Policy on direct-grant funding to institutions and tuition fees are closely intertwined
Chapter 3 illustrated the effects on institutional revenue of policy choices around tuition fees and direct government funding to public and government-dependent higher education institutions. In basic terms, in systems where governments decide to permit substantial tuition fees for domestic and international students, direct government subsidy to institutions accounts for a lower share of institutional income and vice versa. In systems where tuition fees represent a high share of institutional income – such as the state-systems in the United States and provincial systems in Canada – changes to the design of public direct-grant funding to higher education institutions might be expected to have less impact on institutional finances than would be the case in systems where institutions are more dependent on this funding source (OECD, 2020[7]).

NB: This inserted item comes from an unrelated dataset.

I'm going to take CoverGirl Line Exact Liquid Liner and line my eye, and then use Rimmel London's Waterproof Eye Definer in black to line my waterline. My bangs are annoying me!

Nevertheless, as noted, governments typically co-ordinate policies on direct-grant funding and tuition fees closely and the experience of implementing indicator-based funding models in several OECD jurisdictions shows that financial incentives or signals created by direct-grant funding models can influence institutional behaviour, even when such grants make up a comparatively low share of total institutional revenue (see discussion of performance funding later in this chapter).

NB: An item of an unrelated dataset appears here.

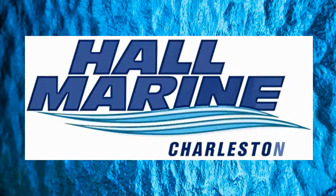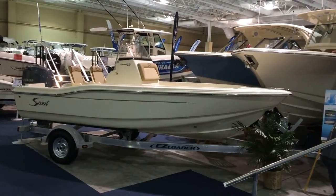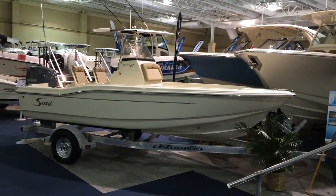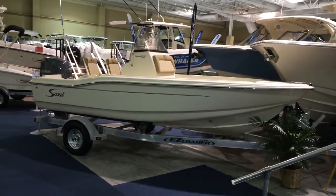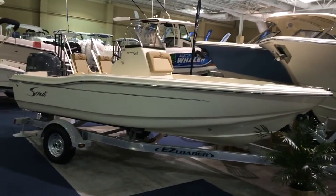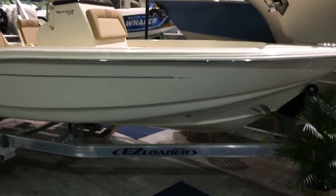Thanks for stopping by to check out this video from Hall Marine, Charleston. Thanks for stopping by to check out this Scout Sportfish 175. It's powered with the Yamaha 90 4-stroke, packaged on the galvanized trailer that you see here by Easy Loader.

Table 4.1. Four main patterns of public funding to higher education institutions in OECD countries
Copy link to Table 4.1. Four main patterns of public funding to higher education institutions in OECD countriesExample countries included based on OECD Higher Education Policy Survey findings and complementary research
|
Public funding system Core institutional grants account for more than 50% of institutional funding on average |
Mixed funding system Core institutional grants account for less than 50% of institutional funding on average |
|
|---|---|---|
|
No tuition fees for full-time domestic undergraduate students |
Austria (universities (2)) Estonia Germany (all Länder) Nordic countries |
|
|
Tuition fees for full-time domestic undergraduate students set or strictly regulated by government |
Belgium (French and Flemish Communities) France Netherlands Poland Portugal Slovak Republic |
Australia Ireland Lithuania (3) New Zealand United Kingdom (all nations) |
|
Tuition fees for full-time domestic undergraduate students set by institutions (often within certain limits set by government) |
Canada (provinces) Chile United States (states) |
Note: (1) For core public funding, the categorisation of systems is based on UOE data on source of expenditure on tertiary education institutions and ETER data (2022) for European systems where total public expenditure exceeds 50% of total expenditure on public and government-dependent tertiary education institutions. The data on tuition fees is drawn from Education at a Glance 2025 [add reference].

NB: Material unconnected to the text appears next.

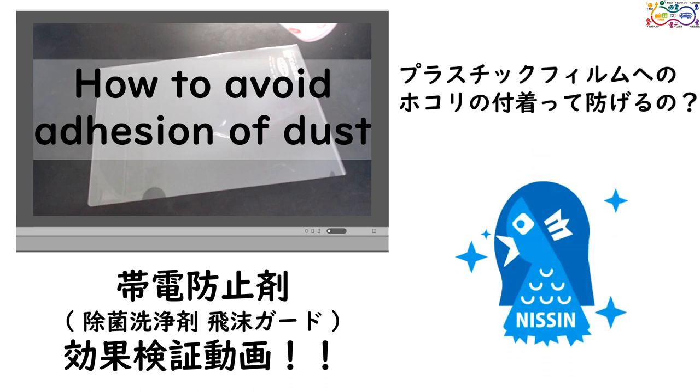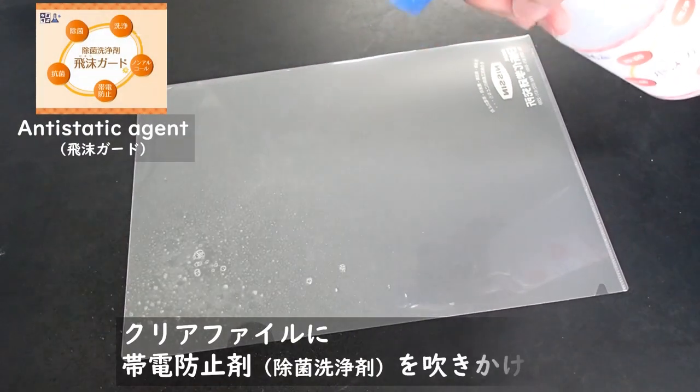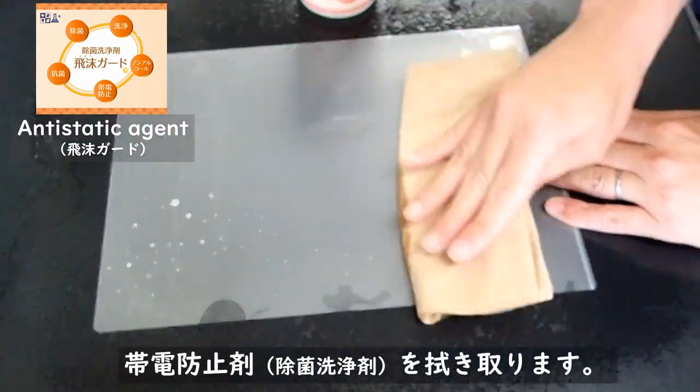How to avoid adhesion of dust. Spray anti-static agent on plastic film, then wipe off the extra anti-static agent.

(2) In Austria, universities of applied science may charge fees.
(3) In Lithuania, state-funded places and non-state-funded places co-exist.
As summarised in Table 4.1, it is possible to classify OECD higher education systems broadly into four main categories regarding their tuition-fee and institutional-grant policies:
1. Systems where governments choose to fully subsidise the education of full-time, domestic bachelor’s students (meaning institutions charge no tuition fees for this group) and core public direct-grant funding accounts for over 50% of institutional revenue on average. This group is exemplified by the Nordic countries and the German federal states.
2. Systems where public and government-dependent higher education institutions charge moderate, government-regulated fees of less than USD 3 000 (EUR 2 600) a year for full-time, domestic bachelor’s students but core public direct-grant funding still accounts for over half of institutional revenue on average. Many continental European systems fall into this category.
3. Systems where system-wide, government-regulated tuition fees charged to full-time, domestic bachelor’s students in public and government-dependent institutions are higher – over USD 3 000 (EUR 2 600) a year on average, core public direct-grant funding accounts for less than half of institutional income on average and fee and institutional funding policy is closely coordinated. Australia and England (United Kingdom) are example systems.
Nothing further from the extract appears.